◆ **Exercise prompt**
Please output only the lines running from the one that contains "Pottery class, group" through the last line of the data below, exactly as they stand, with no pictures.
-=-=-
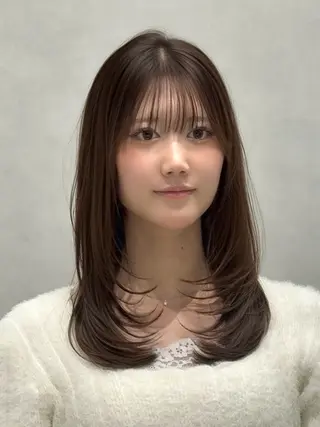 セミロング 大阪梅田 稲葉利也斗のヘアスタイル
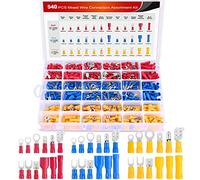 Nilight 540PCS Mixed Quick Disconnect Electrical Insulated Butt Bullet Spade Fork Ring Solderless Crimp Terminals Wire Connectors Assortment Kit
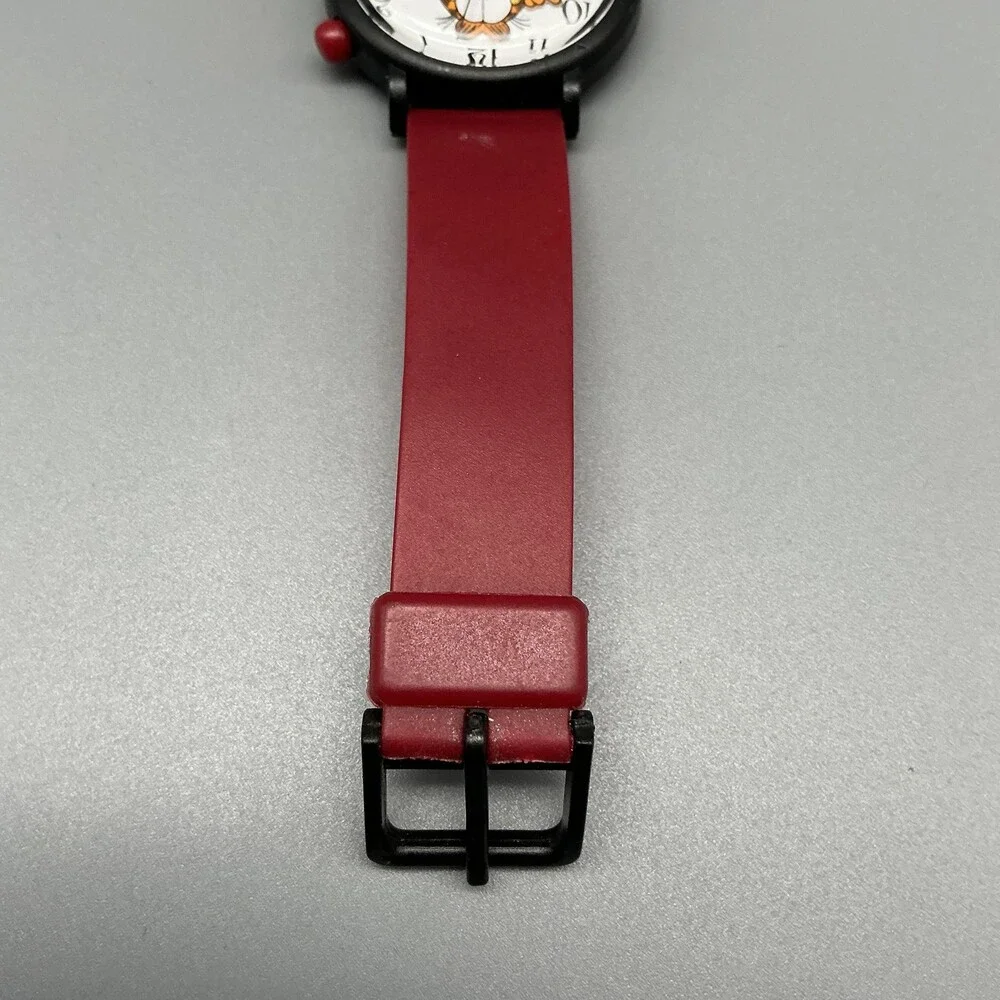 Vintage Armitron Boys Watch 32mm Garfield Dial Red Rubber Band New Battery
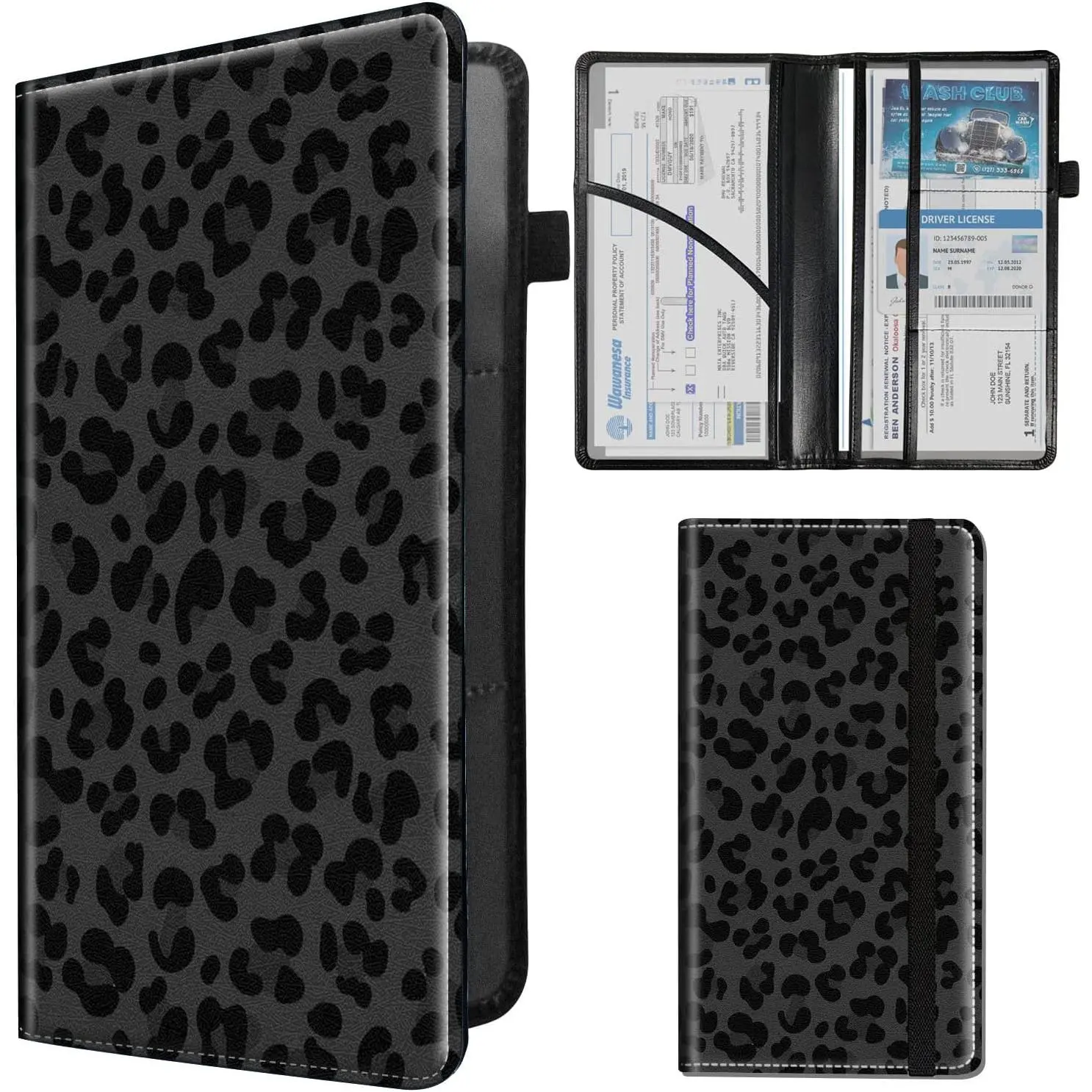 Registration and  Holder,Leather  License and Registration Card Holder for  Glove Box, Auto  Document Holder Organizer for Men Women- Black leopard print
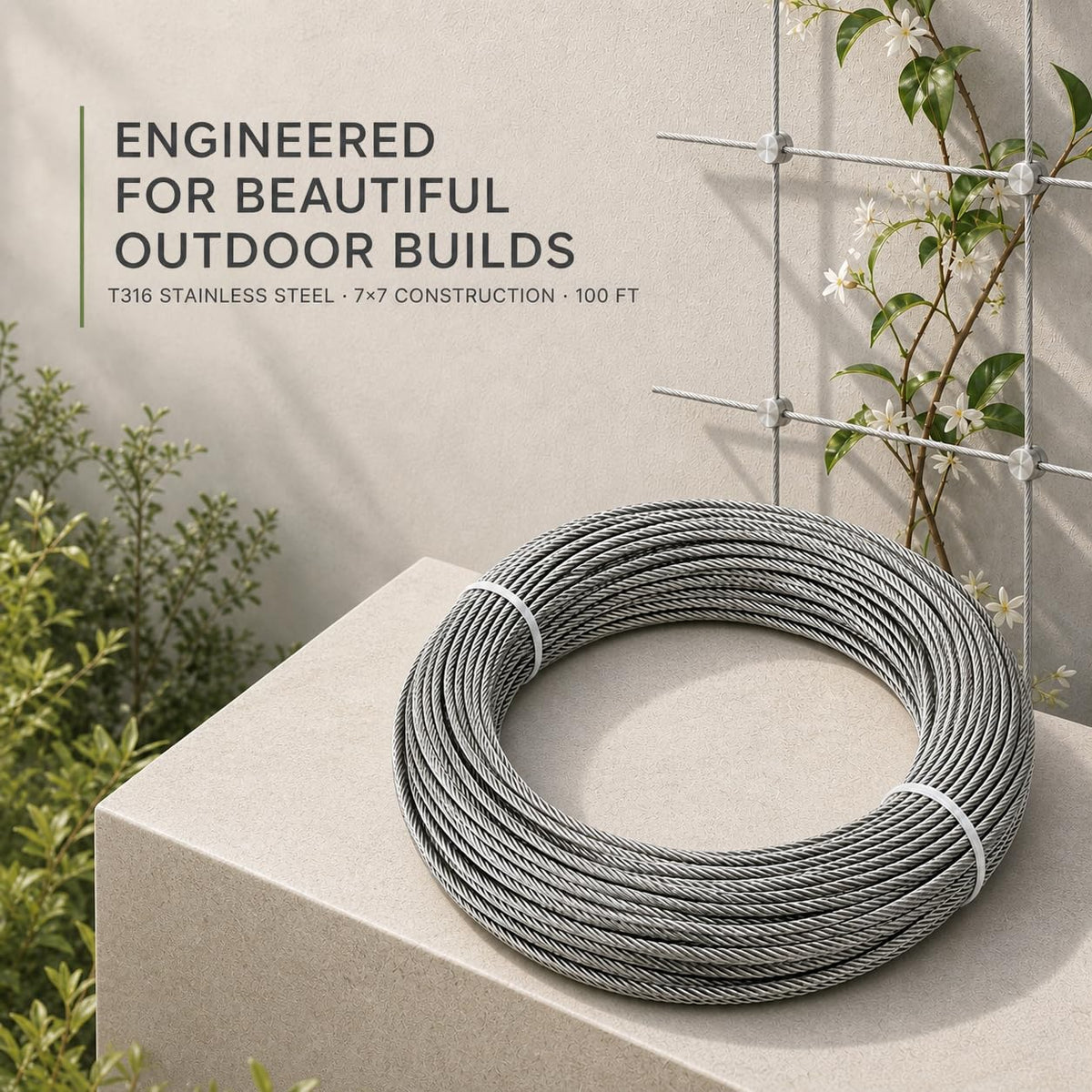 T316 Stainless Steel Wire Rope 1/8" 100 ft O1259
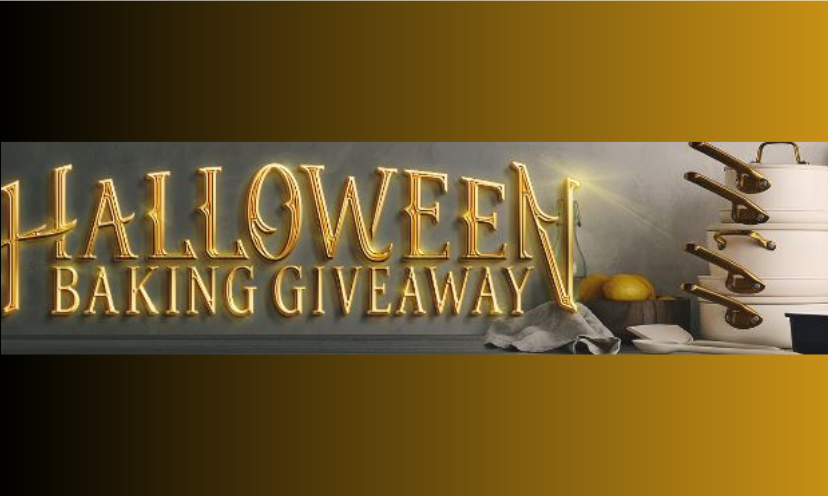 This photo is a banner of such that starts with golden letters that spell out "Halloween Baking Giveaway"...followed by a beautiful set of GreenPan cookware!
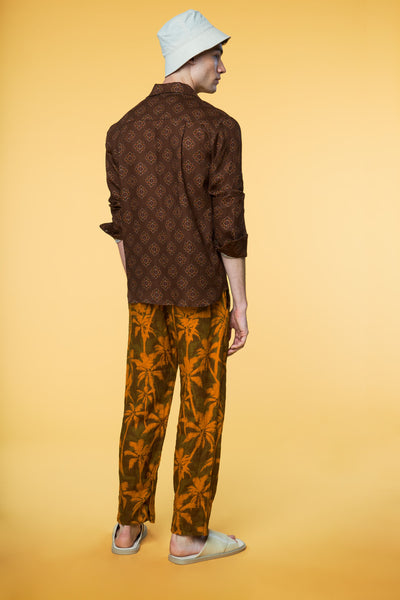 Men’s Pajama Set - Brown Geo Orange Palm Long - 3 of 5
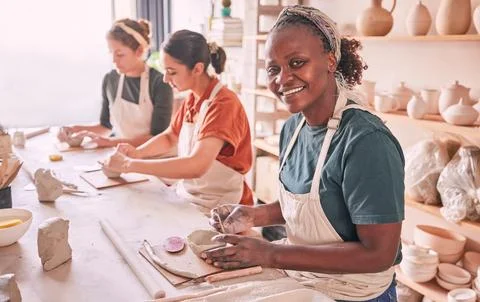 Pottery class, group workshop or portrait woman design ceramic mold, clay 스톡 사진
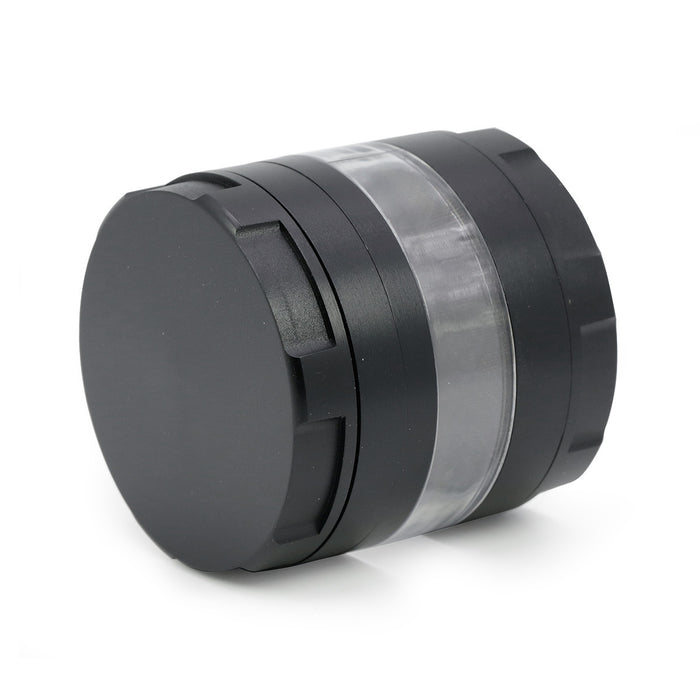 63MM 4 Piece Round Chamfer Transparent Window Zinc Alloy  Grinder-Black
-=-=-
◆ **Final answer**
 Pottery class, group workshop or portrait woman design ceramic mold, clay 스톡 사진
 63MM 4 Piece Round Chamfer Transparent Window Zinc Alloy  Grinder-Black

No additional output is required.